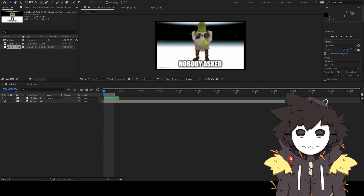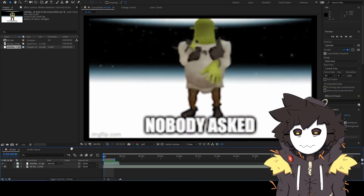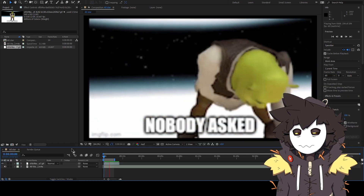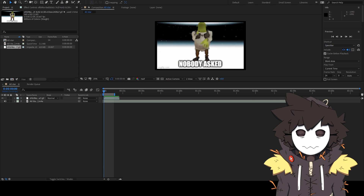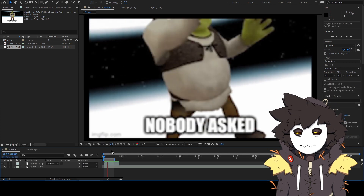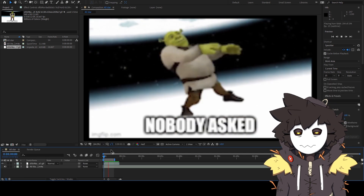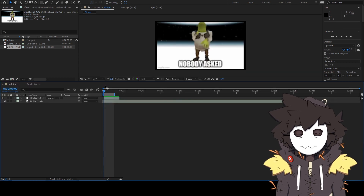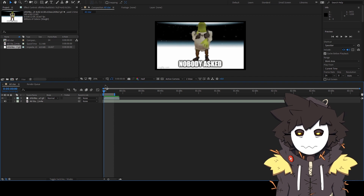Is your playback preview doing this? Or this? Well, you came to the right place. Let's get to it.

# # #

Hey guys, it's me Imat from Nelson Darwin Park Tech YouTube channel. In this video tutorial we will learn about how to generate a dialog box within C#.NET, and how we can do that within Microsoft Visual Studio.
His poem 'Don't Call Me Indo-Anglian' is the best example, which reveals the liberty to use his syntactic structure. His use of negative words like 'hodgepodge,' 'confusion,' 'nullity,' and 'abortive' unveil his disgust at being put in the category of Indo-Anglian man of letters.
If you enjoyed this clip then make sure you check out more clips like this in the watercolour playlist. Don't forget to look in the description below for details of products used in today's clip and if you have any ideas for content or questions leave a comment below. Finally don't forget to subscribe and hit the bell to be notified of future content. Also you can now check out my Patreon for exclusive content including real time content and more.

# # #

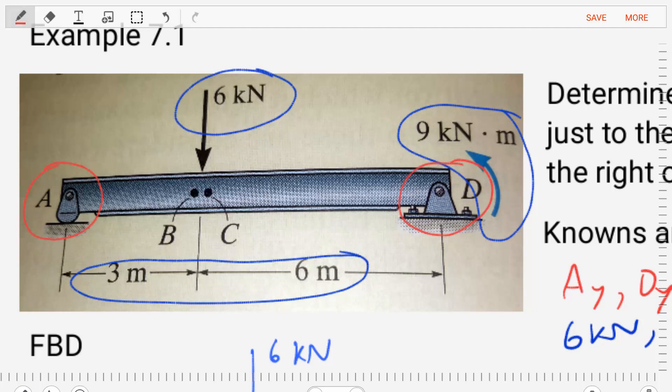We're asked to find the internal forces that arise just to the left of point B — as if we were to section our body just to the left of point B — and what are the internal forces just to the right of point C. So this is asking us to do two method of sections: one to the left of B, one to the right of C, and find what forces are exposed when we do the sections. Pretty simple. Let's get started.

# # #

_Work to complete:_ The lines above from the one with "Hey guys, it's" through the one with "If you enjoyed" are to be duplicated exactly, ends included, with nothing added.

_Task result:_
Hey guys, it's me Imat from Nelson Darwin Park Tech YouTube channel. In this video tutorial we will learn about how to generate a dialog box within C#.NET, and how we can do that within Microsoft Visual Studio.
His poem 'Don't Call Me Indo-Anglian' is the best example, which reveals the liberty to use his syntactic structure. His use of negative words like 'hodgepodge,' 'confusion,' 'nullity,' and 'abortive' unveil his disgust at being put in the category of Indo-Anglian man of letters.
If you enjoyed this clip then make sure you check out more clips like this in the watercolour playlist. Don't forget to look in the description below for details of products used in today's clip and if you have any ideas for content or questions leave a comment below. Finally don't forget to subscribe and hit the bell to be notified of future content. Also you can now check out my Patreon for exclusive content including real time content and more.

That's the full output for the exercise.